- Village of Akron
- Location within Tuscola County
- Akron Location within the state of Michigan Akron Location within the United States
- Coordinates: 43°34′00″N 83°30′51″W﻿ / ﻿43.56667°N 83.51417°W
- Country: United States
- State: Michigan
- County: Tuscola
- Townships: Akron and Fairgrove
- Settled: 1854
- Incorporated: 1910

Government
- • Type: Village council
- • President: Roxanne Huizar
- • Clerk: Chuckie Wilson

Area
- • Total: 0.94 sq mi (2.44 km^{2})
- • Land: 0.94 sq mi (2.44 km^{2})
- • Water: 0 sq mi (0.00 km^{2})
- Elevation: 640 ft (195 m)

Population (2020)
- • Total: 349
- • Density: 371.28/sq mi (143.35/km^{2})
- Time zone: UTC-5 (Eastern (EST))
- • Summer (DST): UTC-4 (EDT)
- ZIP code(s): 48701
- Area code: 989
- FIPS code: 26-00700
- GNIS feature ID: 2397920
- Website: Official website

= Akron, Michigan =

Akron is a village in Tuscola County of the U.S. state of Michigan. The population was 349 at the 2020 census.

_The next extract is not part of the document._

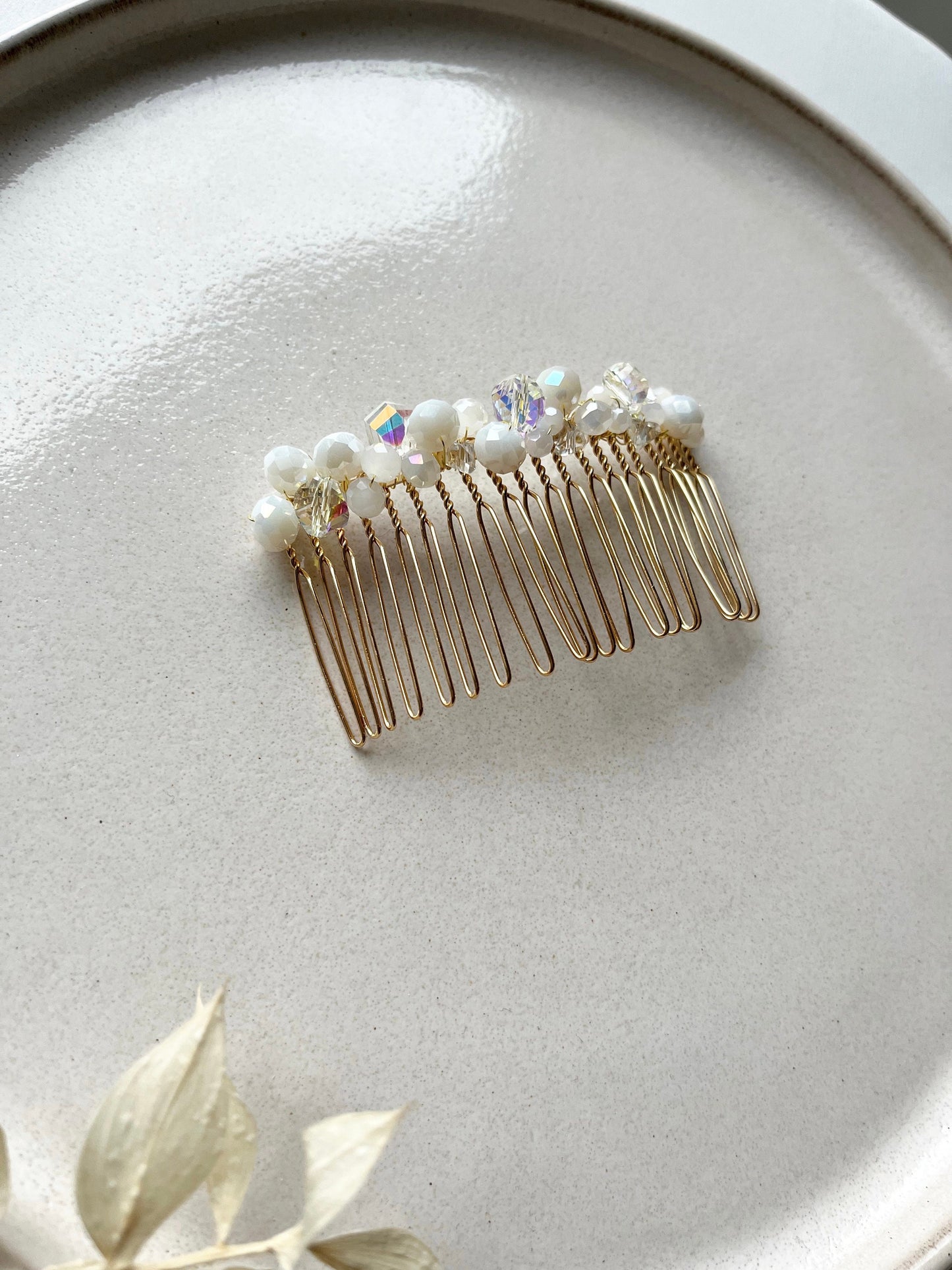 Perlenhaarkamm für die Braut – Zarter Brautschmuck mit Glas- & Kristallperlen in Gold oder Silber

The village is located on the boundary between Akron Township on the north and Fairgrove Township on the south, with the village area approximately evenly split between the two. The Akron post office, with ZIP code 48701, also serves the southern and western portions of Akron Township, as well as portions of northern Fairgrove Township, most of eastern Wisner Township, and smaller portions of western Columbia Township and Almer Township.

==History==
Akron was settled by Charles H. Beach in 1854. It was originally known as Beach's Corners. It was renamed Akron at the time a post office was established in 1857.

==Geography==
According to the United States Census Bureau, the village has a total area of 0.94 sqmi, all land.

==Demographics==

Historical population
| Census | Pop. | Note | %± |
| 1920 | 505 |  | — |
| 1930 | 441 |  | −12.7% |
| 1940 | 413 |  | −6.3% |
| 1950 | 431 |  | 4.4% |
| 1960 | 503 |  | 16.7% |
| 1970 | 525 |  | 4.4% |
| 1980 | 538 |  | 2.5% |
| 1990 | 421 |  | −21.7% |
| 2000 | 461 |  | 9.5% |
| 2010 | 402 |  | −12.8% |
| 2020 | 349 |  | −13.2% |
U.S. Decennial Census

===2010 census===
As of the census of 2010, there were 402 people, 160 households, and 105 families residing in the village. The population density was 427.7 PD/sqmi. There were 182 housing units at an average density of 193.6 /sqmi. The racial makeup of the village was 96.3% White, 0.2% Native American, 0.5% from other races, and 3.0% from two or more races. Hispanic or Latino of any race were 6.2% of the population.

There were 160 households, of which 35.0% had children under the age of 18 living with them, 41.9% were married couples living together, 14.4% had a female householder with no husband present, 9.4% had a male householder with no wife present, and 34.4% were non-families. 28.1% of all households were made up of individuals, and 12.5% had someone living alone who was 65 years of age or older. The average household size was 2.48 and the average family size was 3.05.

The median age in the village was 34.8 years. 27.9% of residents were under the age of 18; 5.5% were between the ages of 18 and 24; 29.2% were from 25 to 44; 21.6% were from 45 to 64; and 15.7% were 65 years of age or older. The gender makeup of the village was 48.5% male and 51.5% female.

===2000 census===
As of the census of 2000, there were 461 people, 173 households, and 125 families residing in the village. The population density was 483.5 PD/sqmi. There were 188 housing units at an average density of 197.2 /sqmi. The racial makeup of the village was 97.61% White, 0.22% Native American, 0.43% from other races, and 1.74% from two or more races. Hispanic or Latino of any race were 6.07% of the population.

There were 173 households, out of which 35.3% had children under the age of 18 living with them, 52.6% were married couples living together, 13.3% had a female householder with no husband present, and 27.7% were non-families. 23.7% of all households were made up of individuals, and 10.4% had someone living alone who was 65 years of age or older. The average household size was 2.64 and the average family size was 3.06.

In the village, the population was spread out, with 29.7% under the age of 18, 6.9% from 18 to 24, 30.6% from 25 to 44, 18.2% from 45 to 64, and 14.5% who were 65 years of age or older. The median age was 35 years. For every 100 females, there were 85.1 males. For every 100 females age 18 and over, there were 82.0 males.

The median income for a household in the village was $35,208, and the median income for a family was $35,313. Males had a median income of $31,806 versus $23,295 for females. The per capita income for the village was $14,570. About 12.2% of families and 17.1% of the population were below the poverty line, including 26.2% of those under age 18 and none of those age 65 or over.